Work to complete - Please reproduce exactly, and only, the lines from the one with "imageLG 34GX900AB 34Inch" through the last line of the listing below, both ends included, leaving out the pictures.

Input data -
▶

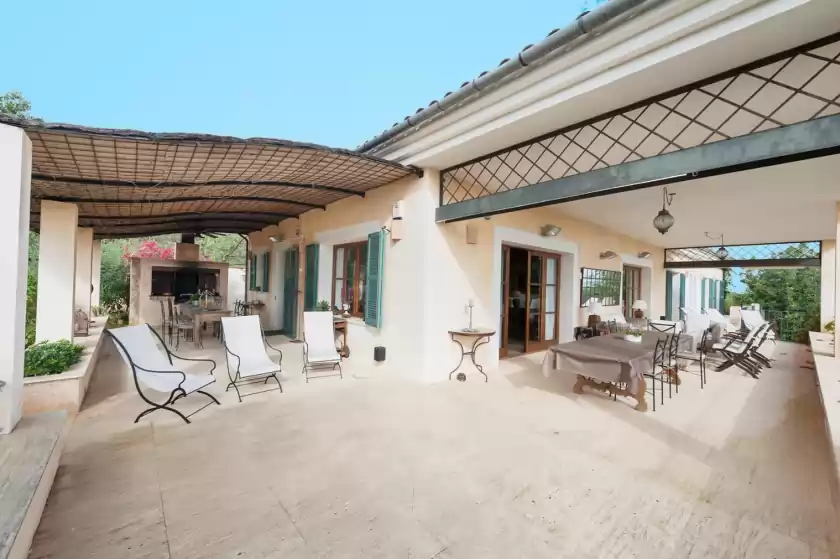 Ferienhaus auf Golf dor vuit, s'Horta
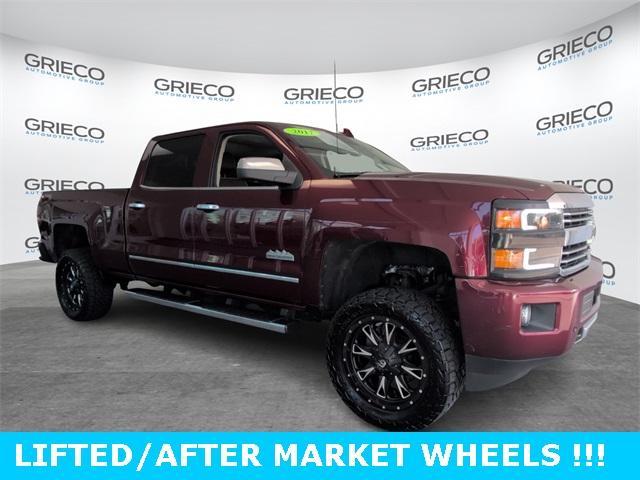 used 2017 Chevrolet Silverado 2500 car, priced at $28,000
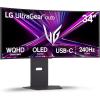 imageLG 34GX900AB 34Inch Ultragear WQHD 3440 x 1440 OLED Curved Gaming Monitor 240Hz 003ms NVIDIA GSync VESA DisplayHDR True Black 400 HDMI 21 DisplayPort USB TypeC PD 65W Black34 inch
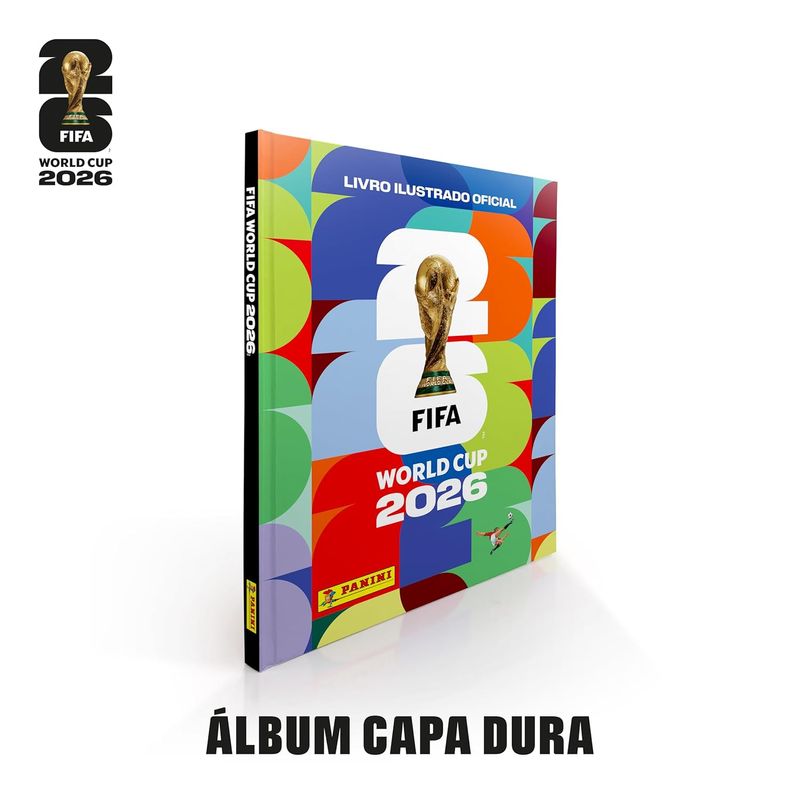Album Capa Dura - Copa do Mundo 2026 - PANINI-1779728677199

◀

Answer for this exercise -
 imageLG 34GX900AB 34Inch Ultragear WQHD 3440 x 1440 OLED Curved Gaming Monitor 240Hz 003ms NVIDIA GSync VESA DisplayHDR True Black 400 HDMI 21 DisplayPort USB TypeC PD 65W Black34 inch
Album Capa Dura - Copa do Mundo 2026 - PANINI-1779728677199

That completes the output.